Format FAT32 with 32k Clusters

This is useful to speed up smaller drives.  The recent slew of monster drives make the 32k cluster size a default, since anything smaller than that makes too many clusters, and older systems cannot address huge numbers of clusters in their the FAT table.

By default, the format command will use the smallest cluster sizes possible for your hard drive partition.  It does this to maximize the usage of the available space.  If you use large cluster sizes, then small files will be forced to use at least one cluster, which wastes space.  However it wastes a small amount of space, and with todays huge drives - this is no longer an issue.

What is an issue is how fast your system can read and write files from the hard drive.  The larger the cluster size - the larger "chunks" that are fetched from the drive.  This speeds up performance.  For example, many drives were formatted with 4k clusters.  This means to read 32k of data, the system must perform eight fetches -  4k per fetch.  If you had instead formatted the same drive using 32k clusters, the system would only have to perform one fetch.

The format command is done in DOS, and the syntax is as follows :

format x: /z:64
    where x= your hard drive letter will format 32k clusters under fat 32.

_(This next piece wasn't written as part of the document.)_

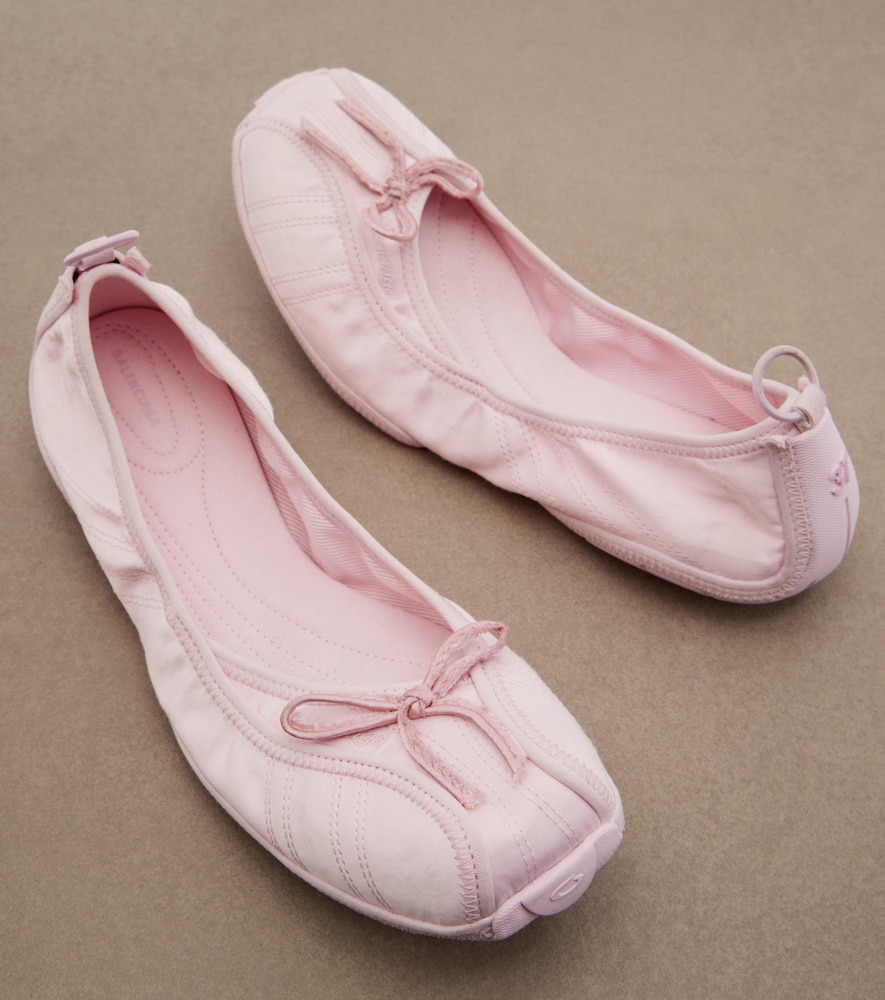 Ballet canvas ballet flats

for other sizes of clusters :

FORMAT x: /Z:n     - where n is the number of 512 byte sectors in a cluster;
    NOTE:  n must be a number 2^x, so: 1, 2, 4, 8, 16, 32, 64, ...

Examples:

format c: /z:32 (for 32 - 512 byte sectors per cluster = 16 bytes per cluster)
format c: /z:16 (for 16 - 512 byte sectors per cluster = 8k bytes per cluster)
etc.

NOTE: if you do not specify with the /z switch, it will default to 4 kB per cluster if possible (unless the drive is too big, then it may have to use larger cluster sizes). The minimum size of the drive partition for the default 4 kB clusters is 504 MB. This minimum size changes if you use larger cluster sizes, as does the maximum size.